## WORK ORDER
Your task is to retype, exactly, the line containing "Mr. Hobby Aqueous" and every later line through the end of the listing, with pictures omitted.

## DATA EXTRACT
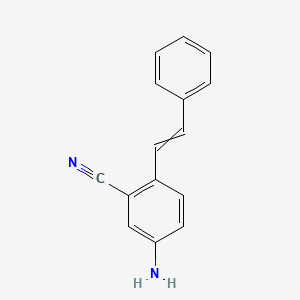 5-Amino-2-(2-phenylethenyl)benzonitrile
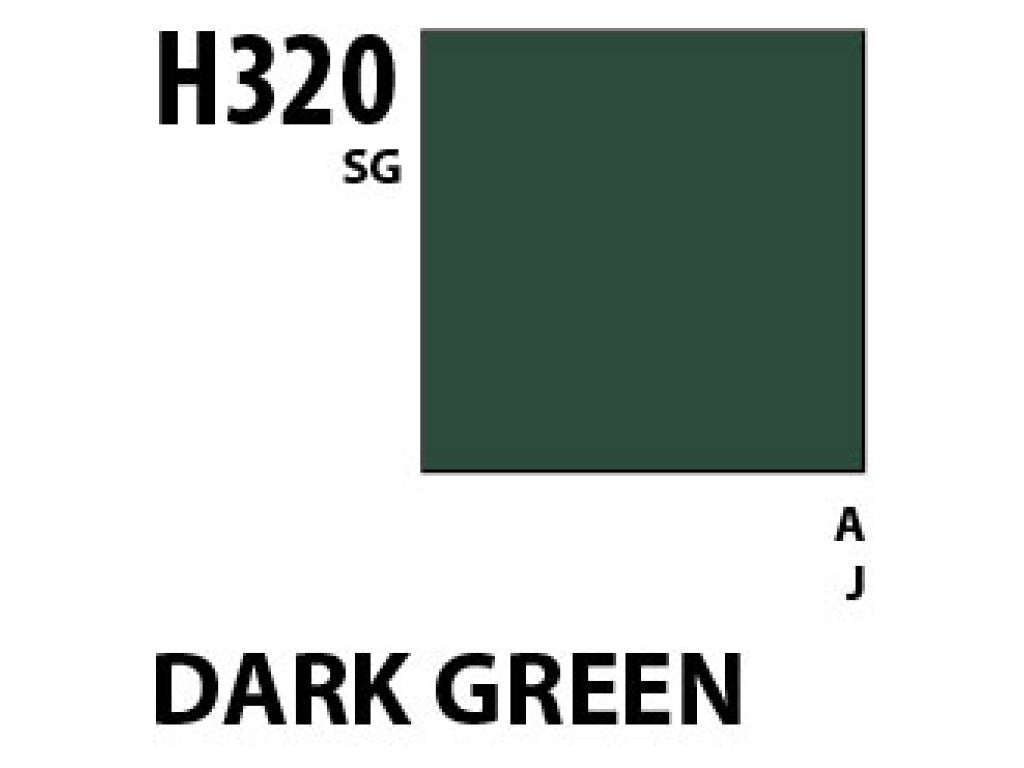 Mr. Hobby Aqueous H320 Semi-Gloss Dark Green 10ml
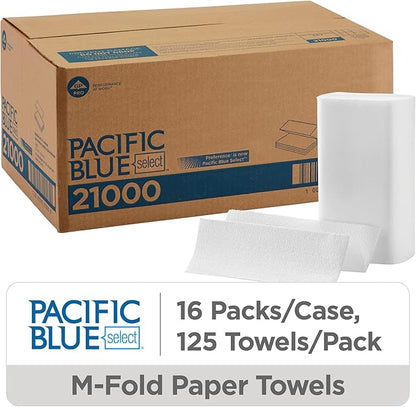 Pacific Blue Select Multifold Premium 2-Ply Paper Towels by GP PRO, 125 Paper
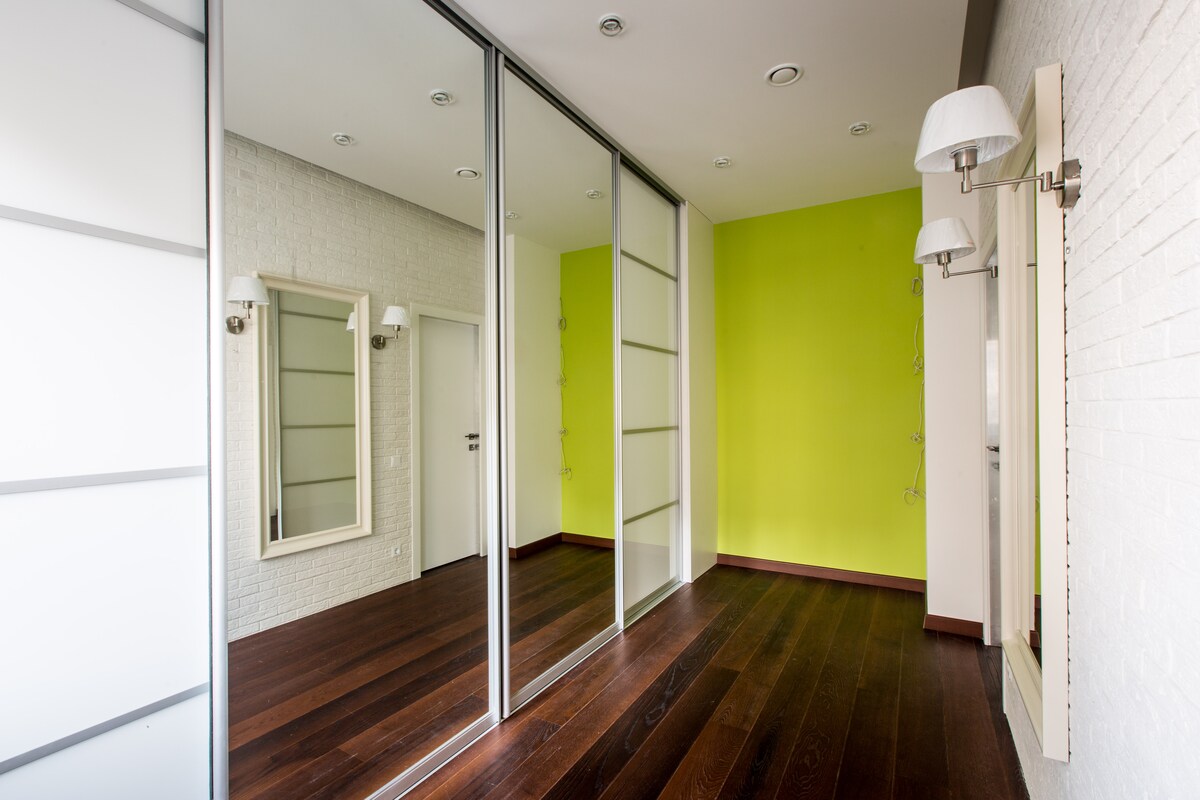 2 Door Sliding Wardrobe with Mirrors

## TASK ANSWER
 Mr. Hobby Aqueous H320 Semi-Gloss Dark Green 10ml
 Pacific Blue Select Multifold Premium 2-Ply Paper Towels by GP PRO, 125 Paper
 2 Door Sliding Wardrobe with Mirrors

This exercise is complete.